A lot of times 1) what my kids want, 2) what I enjoy giving, and 3) what is best for them are ALL at odds. They want to watch f-ing Mr. Beast on the Roku channel, I enjoy letting them binge Bob’s Burgers with me, and really they should have been off screens an hour ago. This is the normal dilemma every parent knows. We all do our best to prioritize long term goals, but fall back on short term sanity when we need to. We are faithful to the project of giving our kids the best we can, and that is going to mean easing up on the ideals sometimes. It certainly means rejecting those authorities whose interest in your core relationships is financial or political. Or really even those who don’t share your goals.

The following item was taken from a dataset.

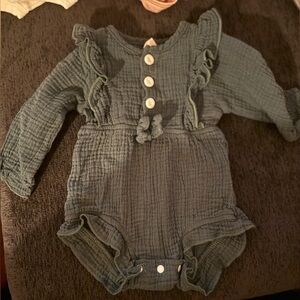 Green Ruffled Baby Romper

I have a very hard time really believing that I, with all of my shortcomings and not-enoughness, am the right mom for my kids. They need me to be present, but also to step back when I’ve become a destabilizing presence. They need me to tend my own shit, so that I can help them grow into adults who can tend theirs. Would it be ideal if I were never myself an emotional typhoon? Yes. But refusing to acknowledge the typhoon (because taking time to care for myself might rob them of some nugget of constant maternal nurture) is the recipe for disaster.

I get the concern, which I’ve mostly heard grumbled by unhealed people, that a mom doesn’t have the luxury of tending to her every wound. Sometimes we have to just grit our teeth and do what our kids need. I mean sure, if they are crying and we want to cry too, maybe we tend to their tears first. But also there’s this fear that if we allow ourselves to say “I’m doing this because I need to” then we will say that about everything, and before you know it, we’ll get all pedicures and piña coladas in the name of self-care.

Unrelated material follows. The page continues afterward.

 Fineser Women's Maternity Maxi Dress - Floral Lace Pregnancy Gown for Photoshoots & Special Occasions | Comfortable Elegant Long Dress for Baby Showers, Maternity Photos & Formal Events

But might I suggest that all that obedience training in our youth…and the imagination of selflessness in our families…is actually what leads us to think that we cannot trust ourselves to know the difference between needs and wants? That we don’t know where faithfulness ends and martyrdom begins? Or subservience? I think we need to talk about reclaiming goodness of desire in the context of faithfulness.

Speaking of that: you may have noticed that discussion of marriage was conspicuously absent from this post. Marriage was nibbling around the edges, but I didn’t really GO there. That’s because it’s about to get its own post. Because that’s where the big test of desire and faithfulness happens.

Remember that pleasing my husband was ingrained in me as a core purpose. Remember I was told that marriage was about duty to God, and my desires couldn’t be trusted. In the ideal of family life, I felt like any need Lewis could not meet was a need that I should not have. ANY NEED. Conversation, companionship, intellectual stimulation, excitement, desire, adventure, laughter, logistical assistance, help around the house, emotional support. I’m going to devote a whole other blog to that list, honestly, because I truly think that we, culturally, have been evolving the wrong way on this for a long time. We’re heaping more expectations on to one person, making marriage some kind of one-stop shop for every form of human connection AND AT THE SAME TIME reducing the goal of marriage to sexual monogamy. I have a whoooole thing about this and I’m going to write about it as soon as I have dress picked out for being burned at the stake.